## Work to be completed
Give all the lines below again, exactly, with no pictures.
··· Data ···
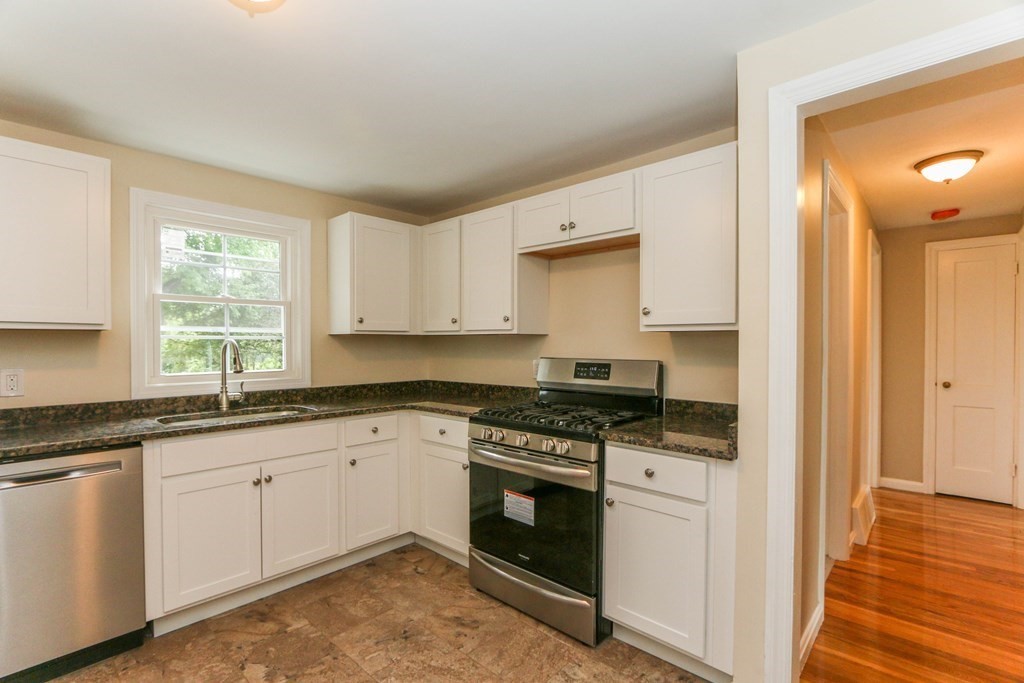 47 Felicia Street Springfield, MA 01104 - Photo 8 of 39 Gallery Image 8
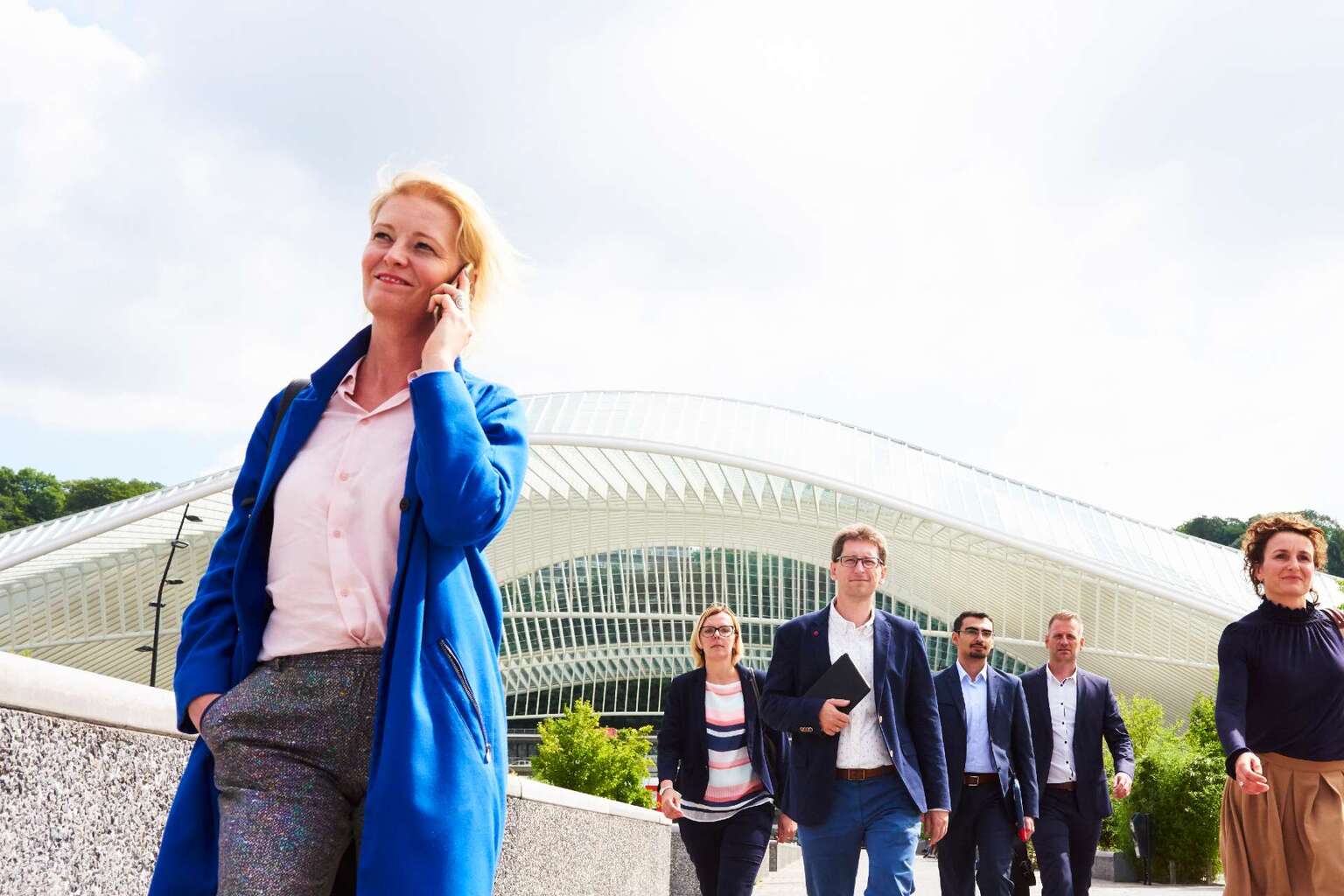Tax professionals wandelen uit het station van Luik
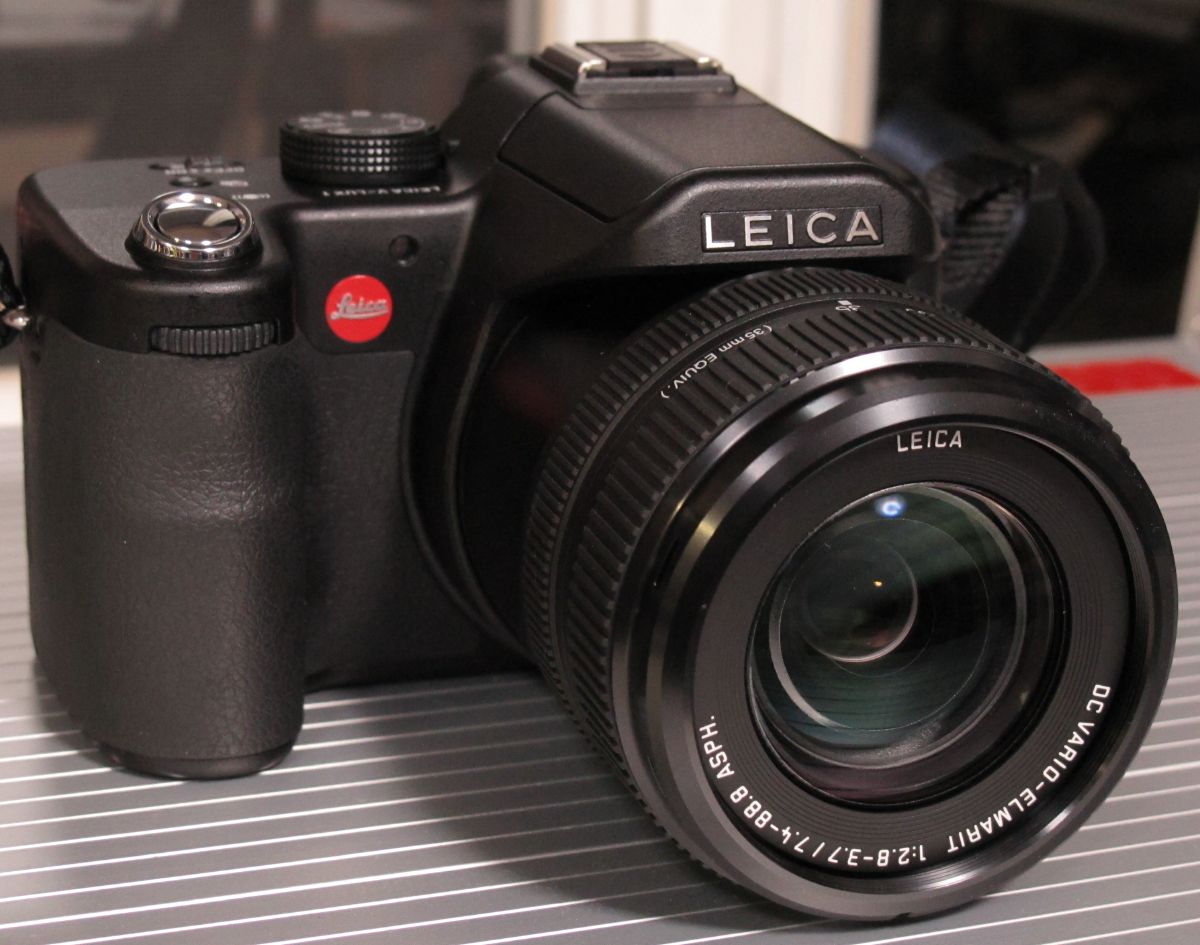 ギフ_包装】 ショップりす山Leica V-LUX 30 14.1 MP デジタルカメラ Leica DC-Vario-Elmar 光学ズームレンズ  3インチタッチスク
···
## Response to the exercise
 47 Felicia Street Springfield, MA 01104 - Photo 8 of 39 Gallery Image 8
Tax professionals wandelen uit het station van Luik
 ギフ_包装】 ショップりす山Leica V-LUX 30 14.1 MP デジタルカメラ Leica DC-Vario-Elmar 光学ズームレンズ  3インチタッチスク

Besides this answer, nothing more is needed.